TRY IT ::
Return the entries exactly. Images are not part of the copy.

Extracted records
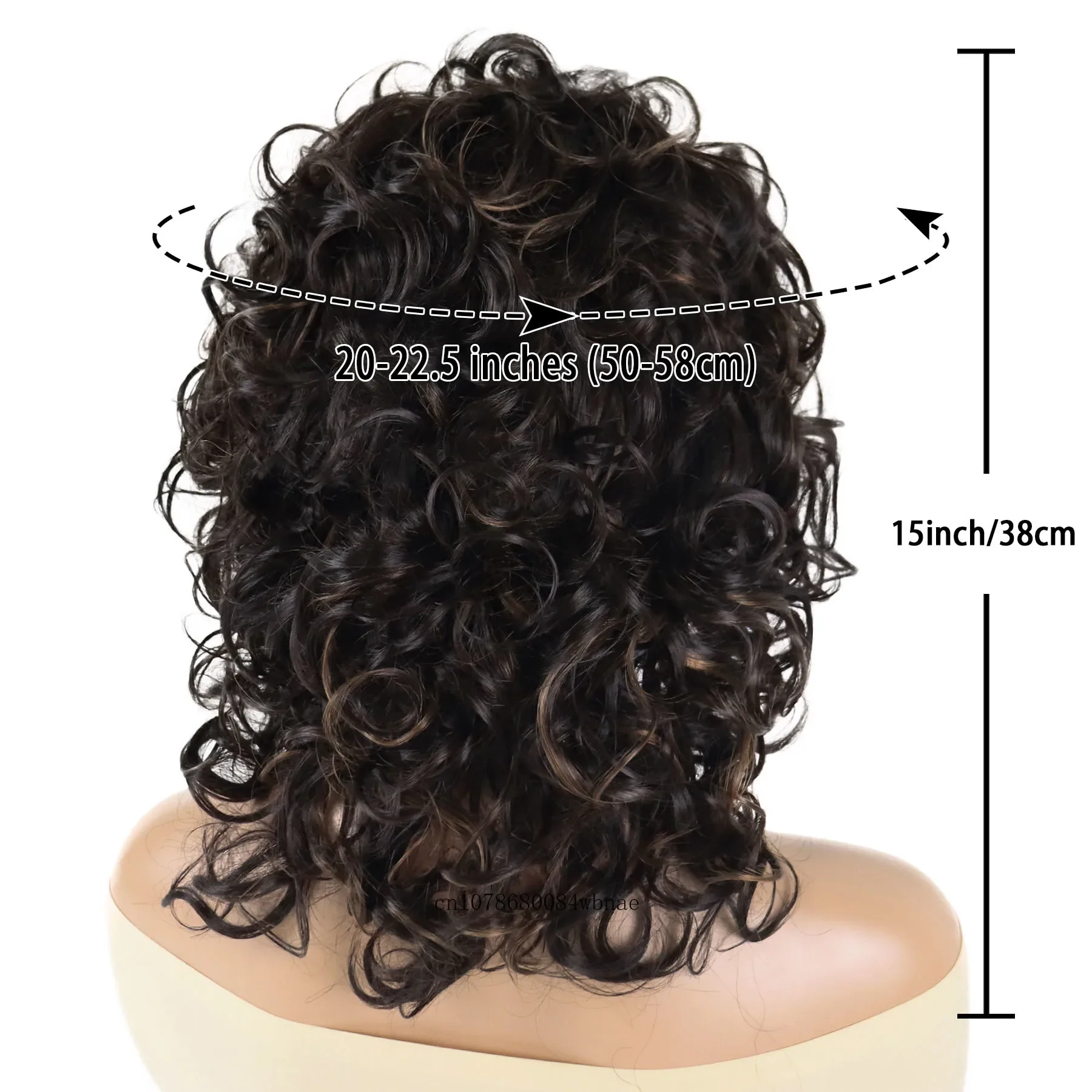 Short Curly Wigs Synthetic Hair Shoulder Length Fluffy Mix Brown Wig with Bangs for Women Afro Style Heat Resistant Daily Party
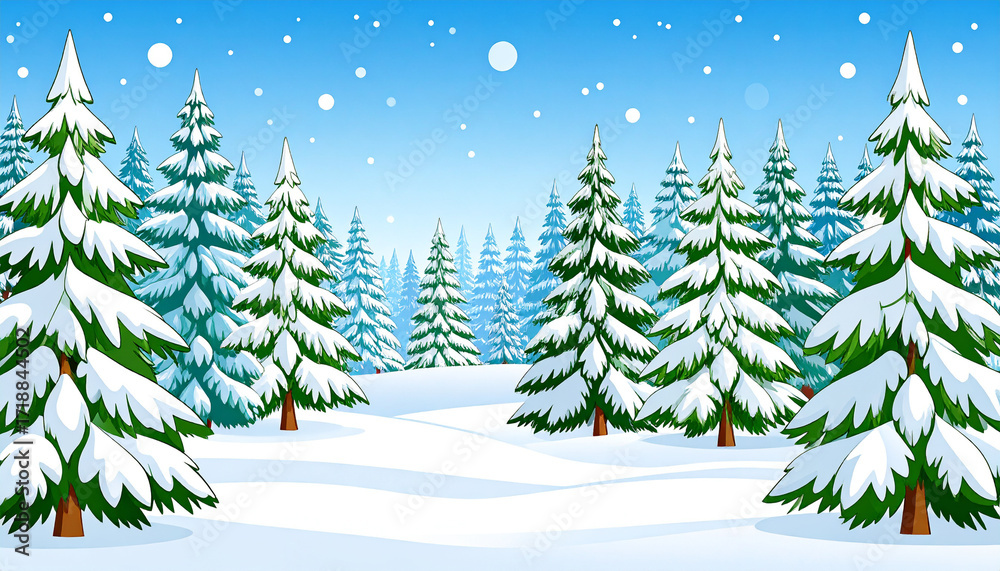 Obraz premium winter landscape with trees vector
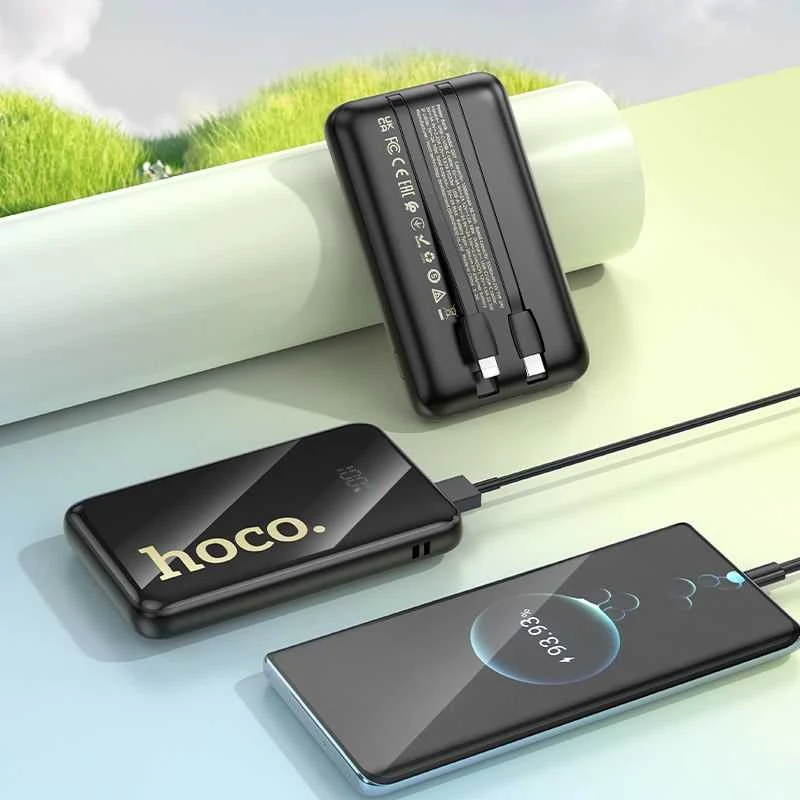 Išorinė baterija Hoco 10000 mAh QC PD 22,5W su integruotais laidais USB C + Lightning Q37 juodas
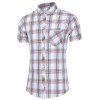 Chemise à Carreaux Avce Poche à Manches Courtes - Rouge Lave L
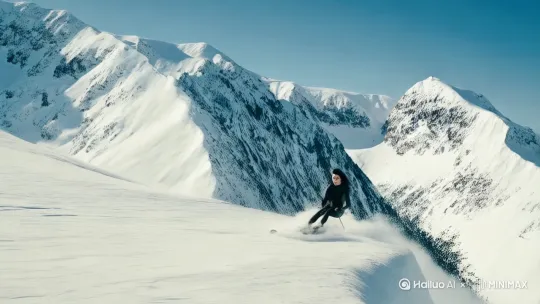 主题：深山大雪崩
描述：高山上发生大雪崩，惊天动地，只见一人从雪山上踩着滑雪板快速滑下。
气氛：紧张刺激 by Hailuo AI Video Generator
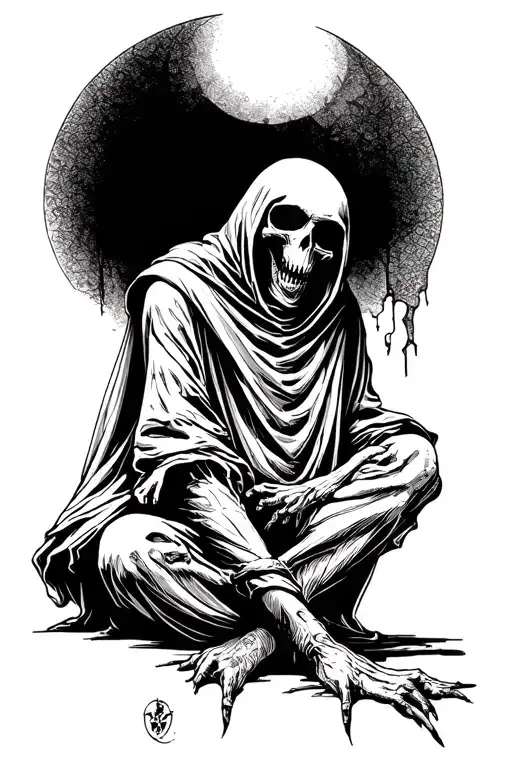 Grim Reaper Sitting In The Shadows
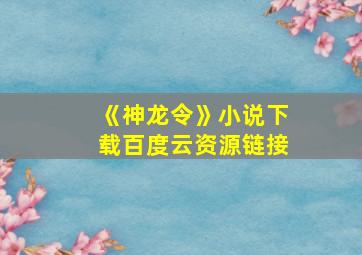 《神龙令》小说下载百度云资源链接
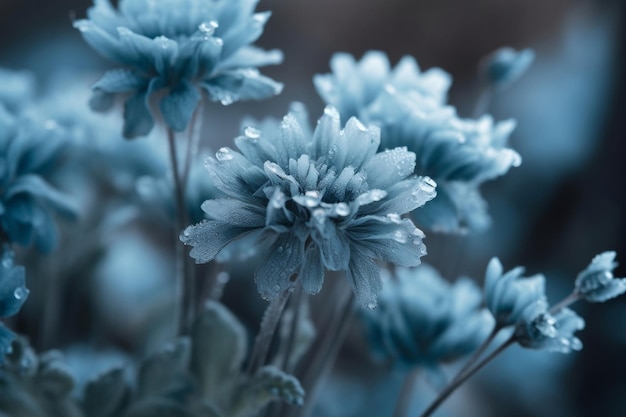 Deeply cold and frozen blue flower blossoms at closeup as floral background generative ai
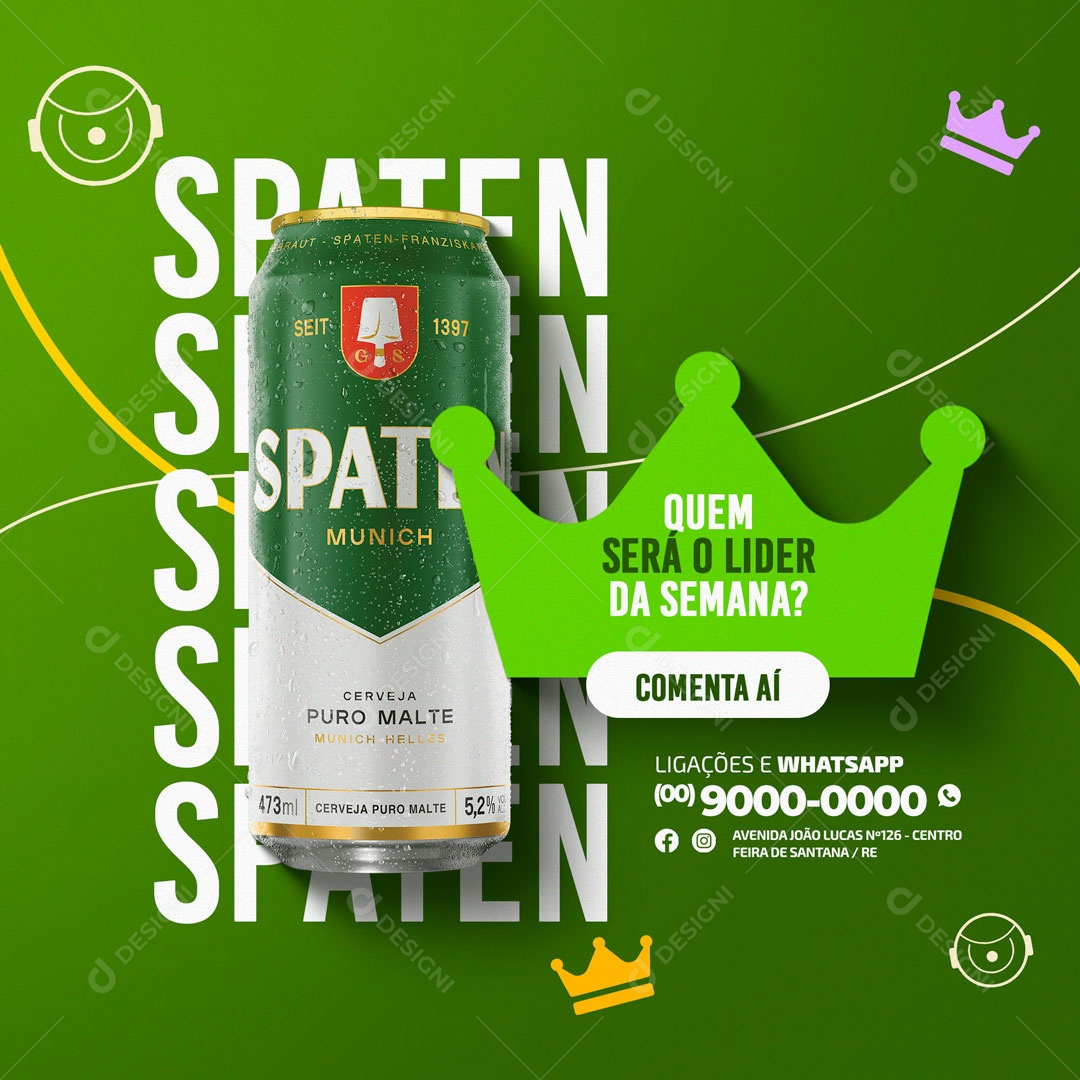 Quem Será o Líder da Semana BBB Cervejaria Social Media PSD Editável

EXERCISE SOLUTION ::
 Short Curly Wigs Synthetic Hair Shoulder Length Fluffy Mix Brown Wig with Bangs for Women Afro Style Heat Resistant Daily Party
 Obraz premium winter landscape with trees vector
 Išorinė baterija Hoco 10000 mAh QC PD 22,5W su integruotais laidais USB C + Lightning Q37 juodas
 Chemise à Carreaux Avce Poche à Manches Courtes - Rouge Lave L
 主题：深山大雪崩
描述：高山上发生大雪崩，惊天动地，只见一人从雪山上踩着滑雪板快速滑下。
气氛：紧张刺激 by Hailuo AI Video Generator
 Grim Reaper Sitting In The Shadows
 《神龙令》小说下载百度云资源链接
 Deeply cold and frozen blue flower blossoms at closeup as floral background generative ai
 Quem Será o Líder da Semana BBB Cervejaria Social Media PSD Editável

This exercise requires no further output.